• [Data excerpt]:
.....

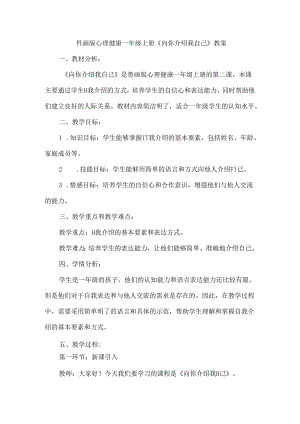 2《向你介绍我自己》（教学设计）鲁画版心理健康一年级上册.docx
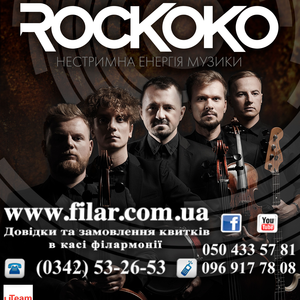 RoCKoKo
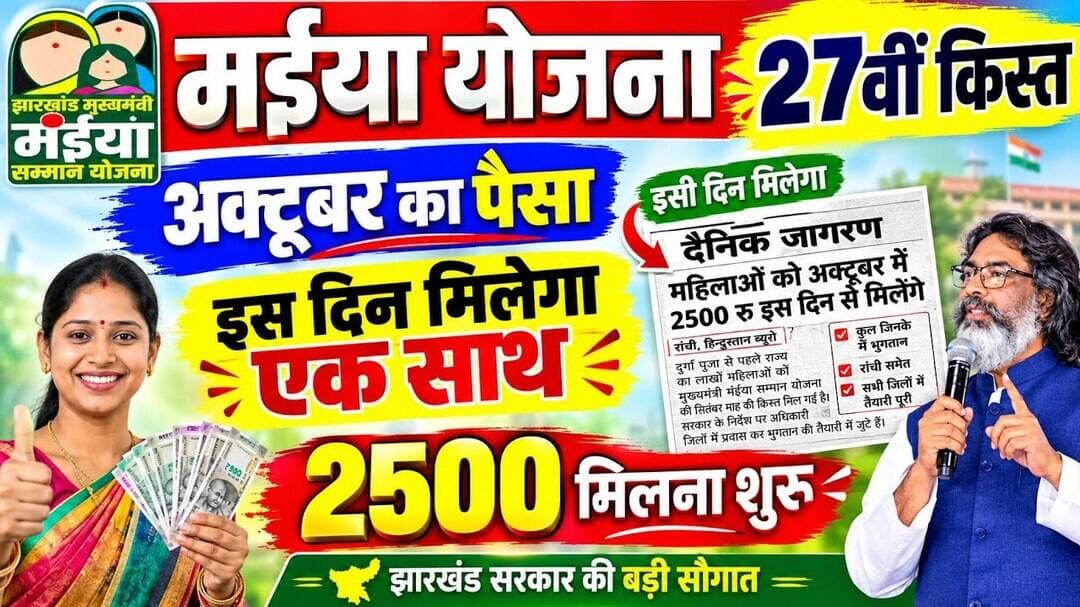 maiya yojana 27th installment 2500 इस दिन से मिलना शुरु 💸 maiya samman yojana ka paisa 2500 rs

.....

• [Exercise directions]: Please print the data above once more, exactly and without images.

• [Output for this task]:
 2《向你介绍我自己》（教学设计）鲁画版心理健康一年级上册.docx
 RoCKoKo
 maiya yojana 27th installment 2500 इस दिन से मिलना शुरु 💸 maiya samman yojana ka paisa 2500 rs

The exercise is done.